Borders with Turkey and Azerbaijan: Land borders with Turkey and Azerbaijan remain closed and are patrolled by armed troops. There are intermittent armed hostilities on the Armenia-Azerbaijan border.
Border with Iran: See the Iran travel advisory. The Department of State continues to warn U.S. citizens against all travel to Iran due to arbitrary arrest and detention of U.S. citizens. The Department of State maintains its “Do Not Travel” advisory, noting the “very high risk of arrest and detention of U.S. citizens in Iran, particularly U.S.-Iranian dual nationals.”
Russian Arrest Warrants: Armenia routinely shares information about foreign visitors with Russian law enforcement and security services. U.S. citizens may be detained by Armenian authorities upon entry or exit based on Russia law enforcement or security service information. Former and current U.S. government and military personnel with prior travel to Russia may face increased scrutiny.

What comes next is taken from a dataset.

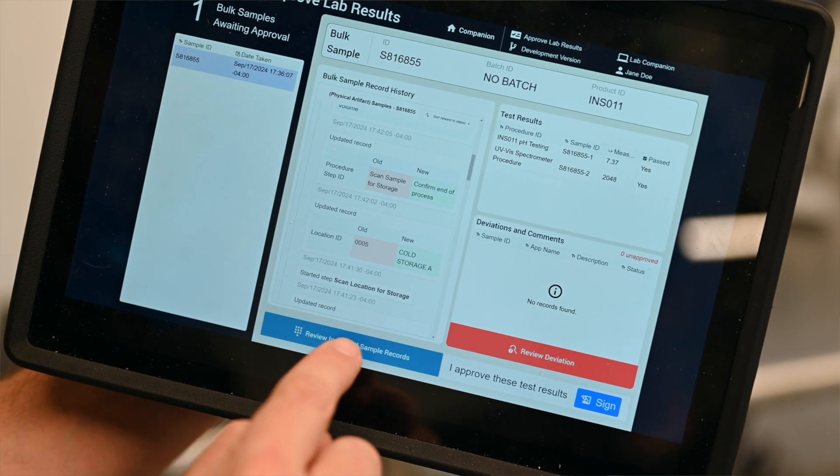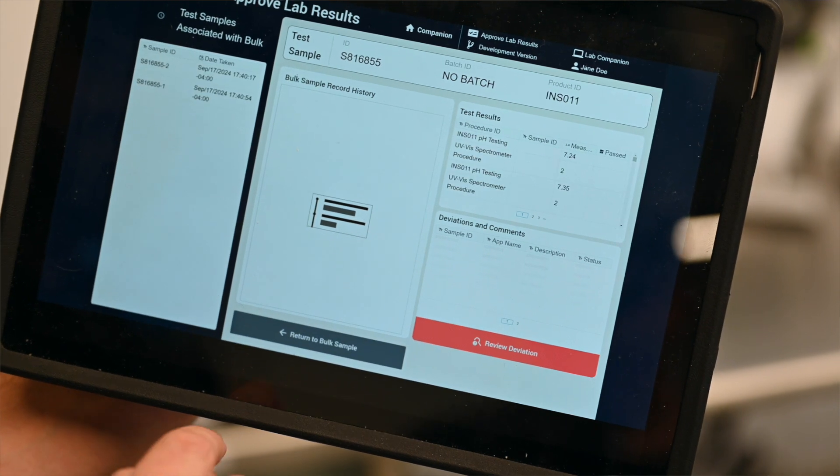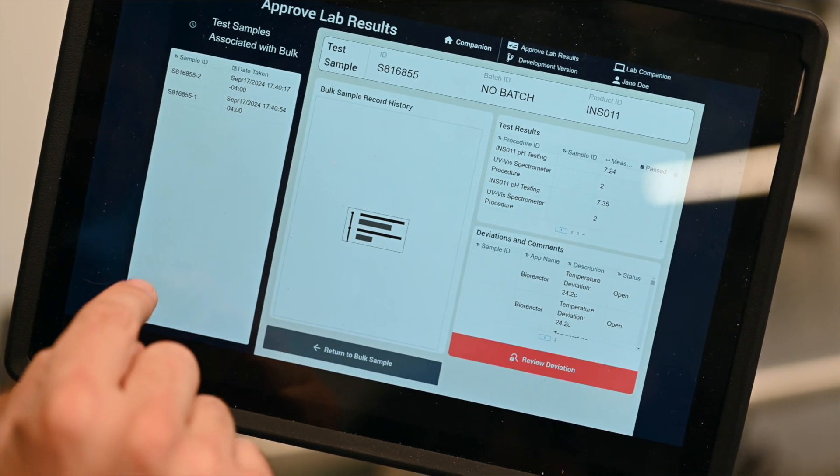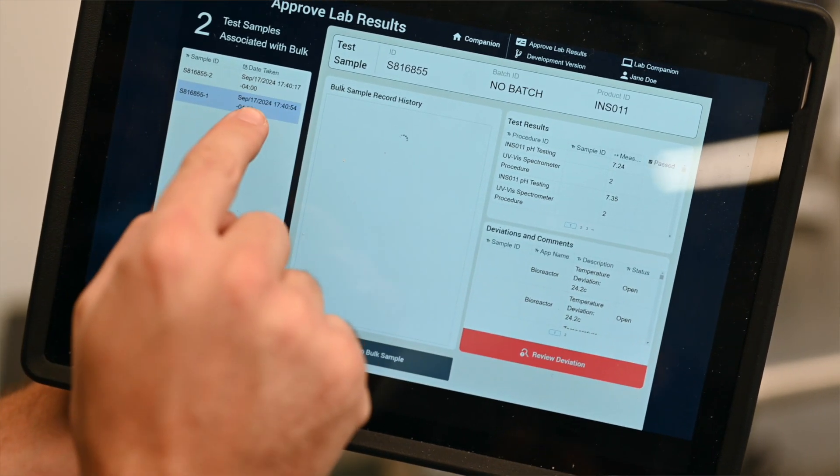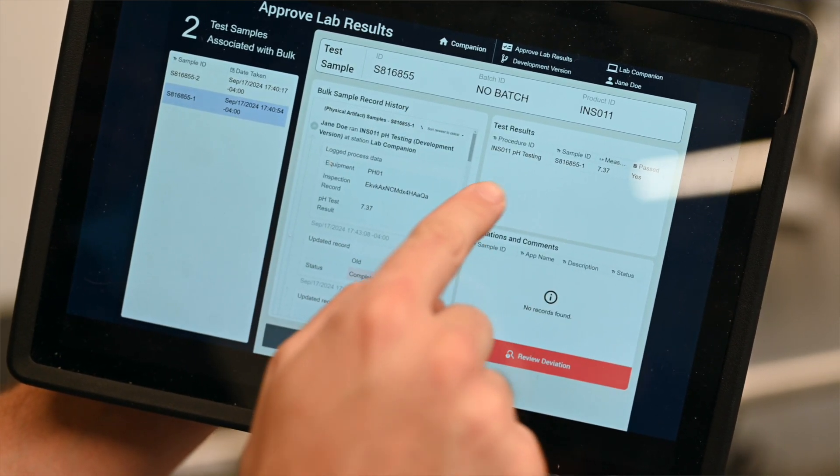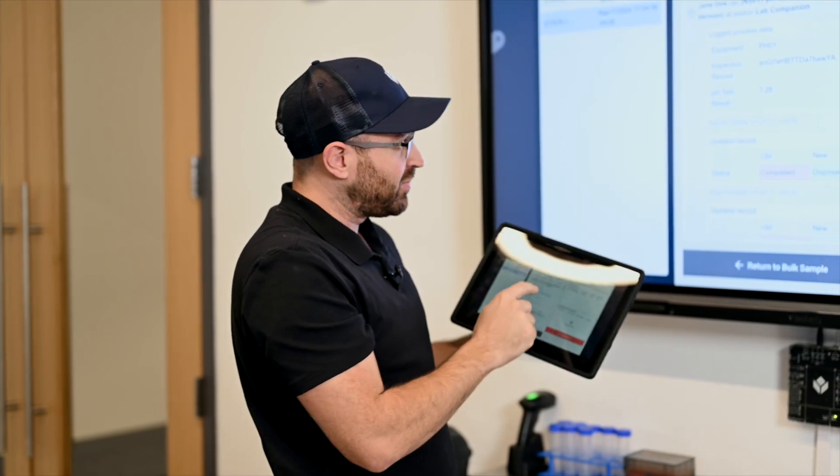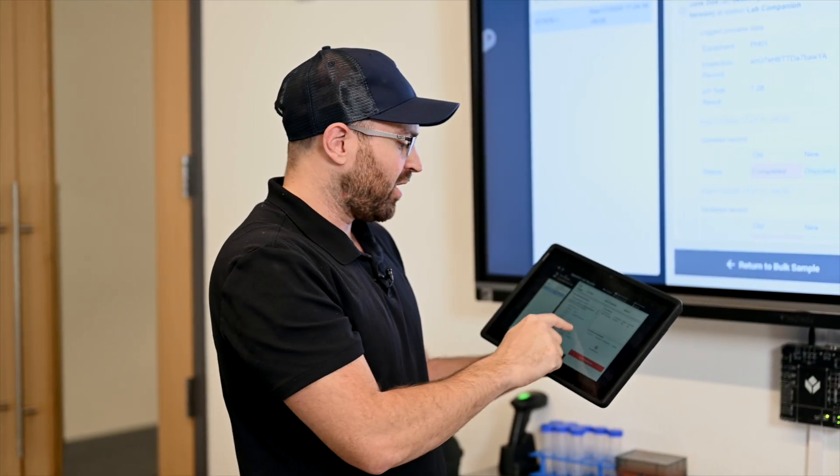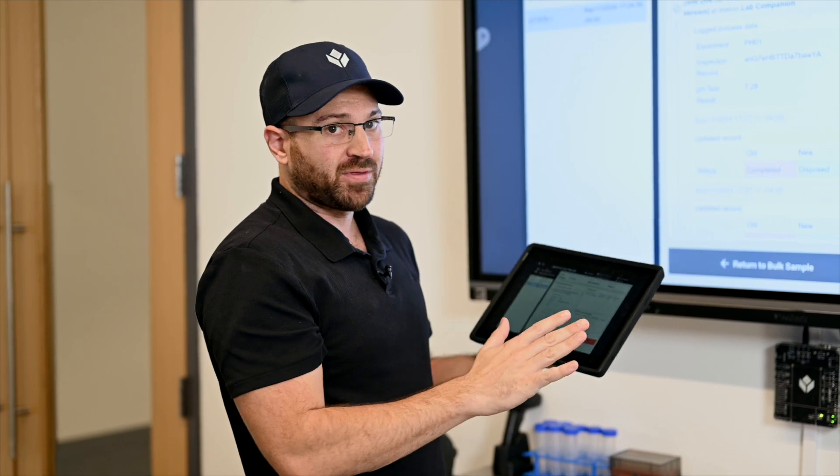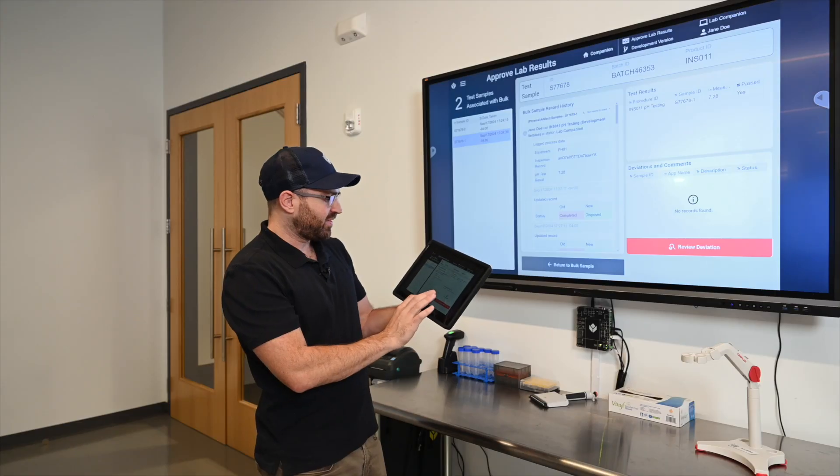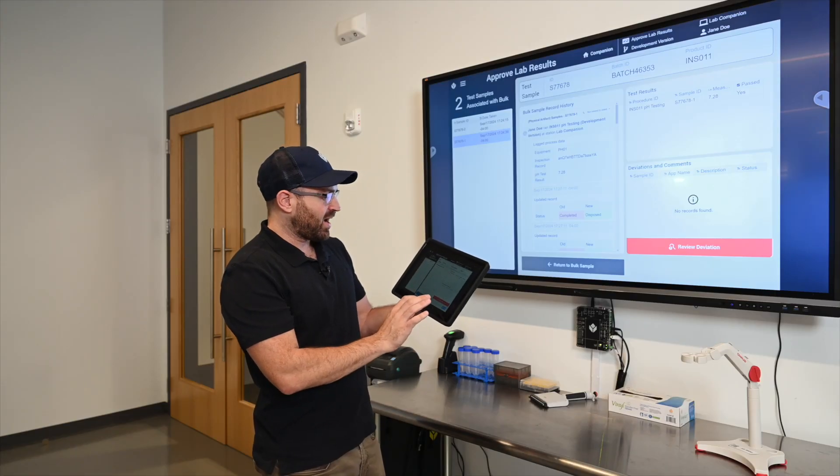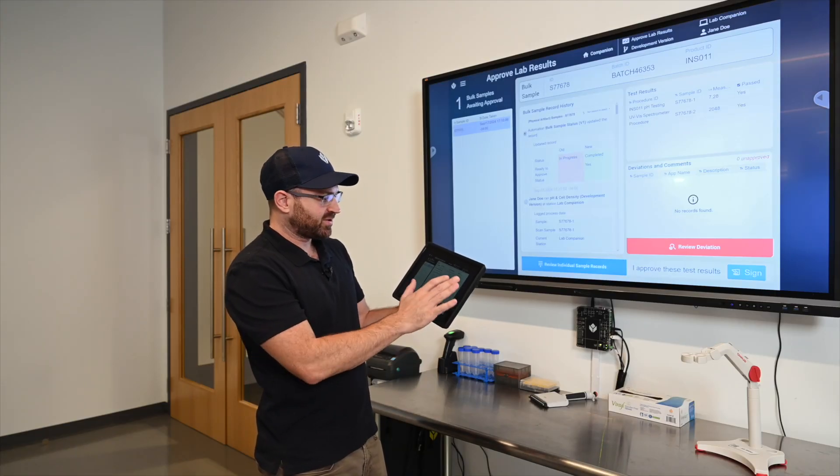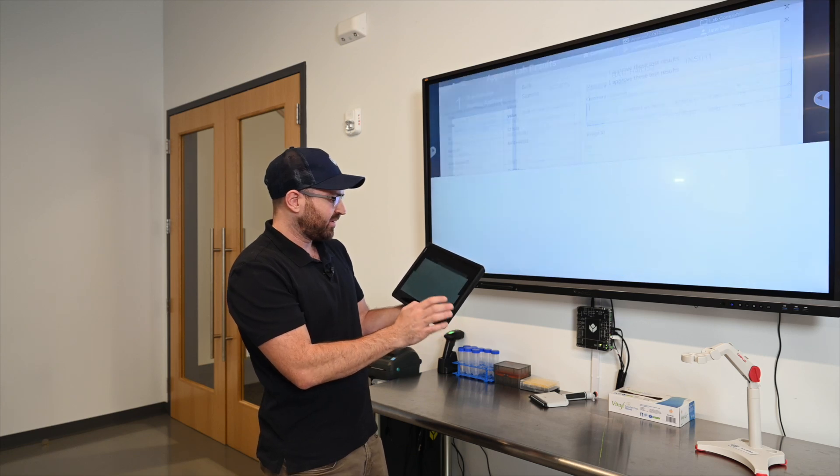If there are any deviations here we have to review those deviations and approve of those as well. I can also click on any individual sample record for that bulk and I can click on this test sample like the pH one and I can see its history. What was the inspection record? What equipment did I use? What was the status of that equipment? All this information is stored along with every record.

Traveling Through Europe: While Armenia is not located in the Schengen area, many flights to Armenia originate in that area of Europe. If you are planning to visit or travel through European countries, you should be familiar with the requirements of the Schengen Agreement.
HIV/AIDS Entry Restrictions: The U.S. Department of State is unaware of any HIV/AIDS entry restrictions for visitors to or foreign residents of Armenia.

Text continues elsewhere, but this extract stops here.